[DATA EXTRACT]

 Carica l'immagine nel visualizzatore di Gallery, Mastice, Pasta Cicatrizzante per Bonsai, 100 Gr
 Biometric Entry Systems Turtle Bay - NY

[/DATA EXTRACT]
[DATA EXTRACT]

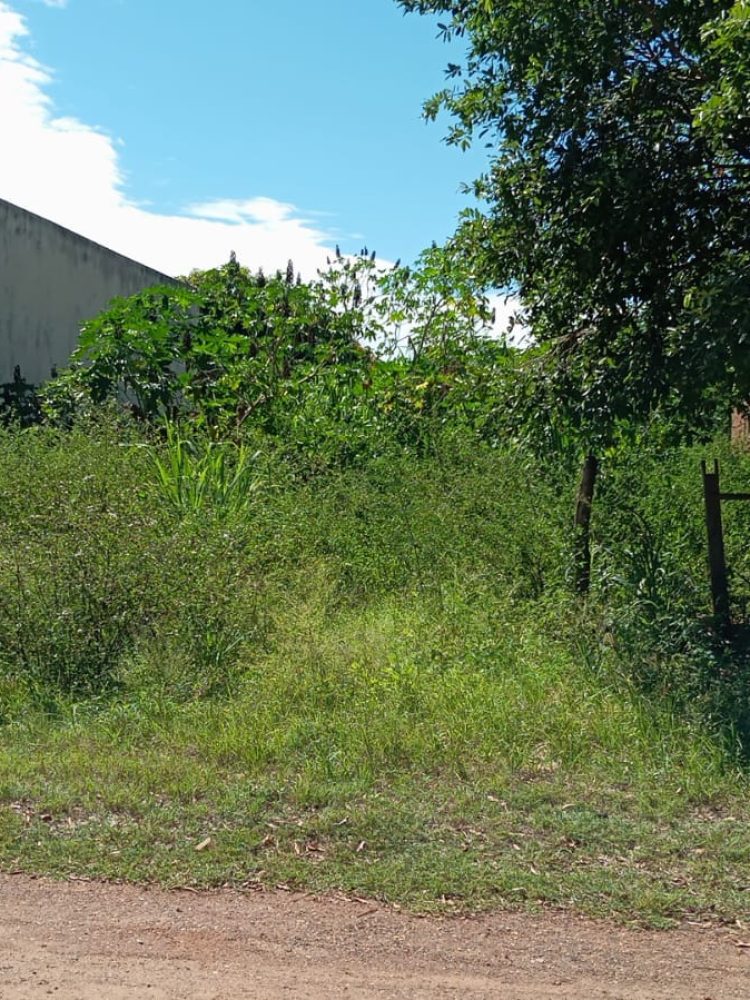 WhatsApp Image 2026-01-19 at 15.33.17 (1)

[/DATA EXTRACT]

§ **ACTION ITEM**
Among the records above, only the lines between the line holding "Carica l'immagine nel" and the line holding "Biometric Entry Systems Turtle Bay - NY", inclusive, are to be output, exactly as written.

§ **YOUR RESPONSE**
 Carica l'immagine nel visualizzatore di Gallery, Mastice, Pasta Cicatrizzante per Bonsai, 100 Gr
 Biometric Entry Systems Turtle Bay - NY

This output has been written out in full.